## Work item
Here is a listing, set out below; repeat its lines from the one with "Комната 14,2 м² в 1-к., 1/5 эт." to the last, both included, and leave out the pictures.

## Collected material

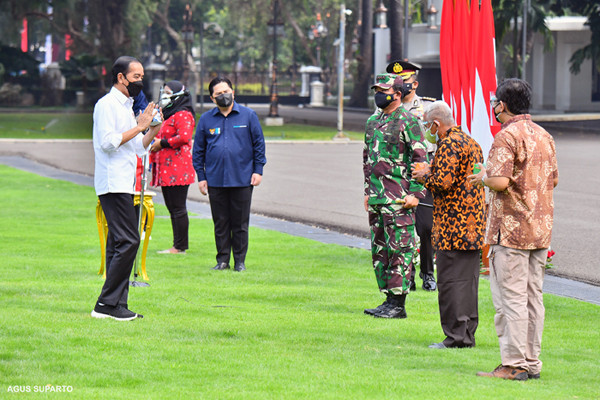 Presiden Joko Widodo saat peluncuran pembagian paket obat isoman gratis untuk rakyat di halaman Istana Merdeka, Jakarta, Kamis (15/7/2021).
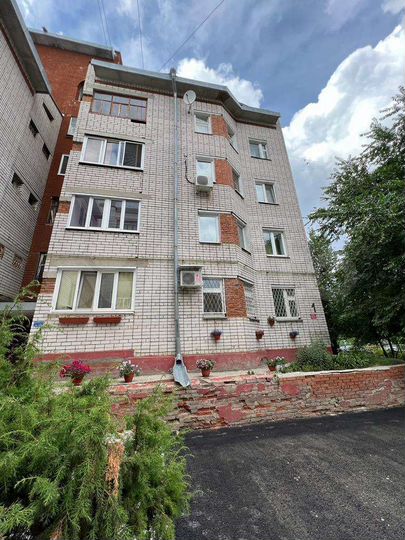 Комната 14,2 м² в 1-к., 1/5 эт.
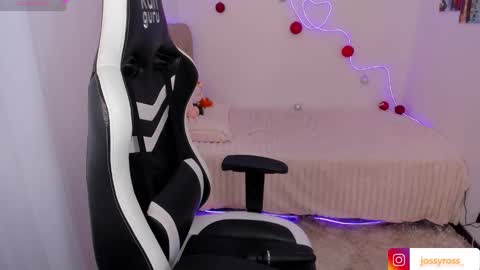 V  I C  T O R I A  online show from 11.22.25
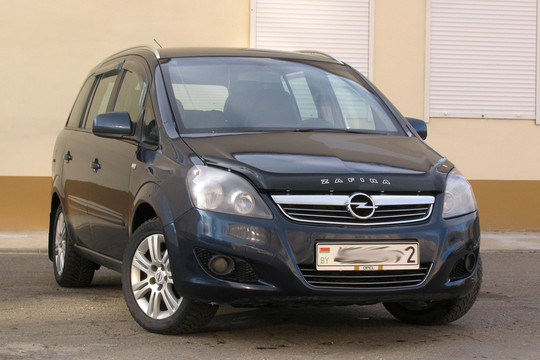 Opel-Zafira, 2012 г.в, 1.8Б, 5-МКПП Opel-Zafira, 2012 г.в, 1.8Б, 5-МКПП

## Result below
 Комната 14,2 м² в 1-к., 1/5 эт.
 V  I C  T O R I A  online show from 11.22.25
 Opel-Zafira, 2012 г.в, 1.8Б, 5-МКПП Opel-Zafira, 2012 г.в, 1.8Б, 5-МКПП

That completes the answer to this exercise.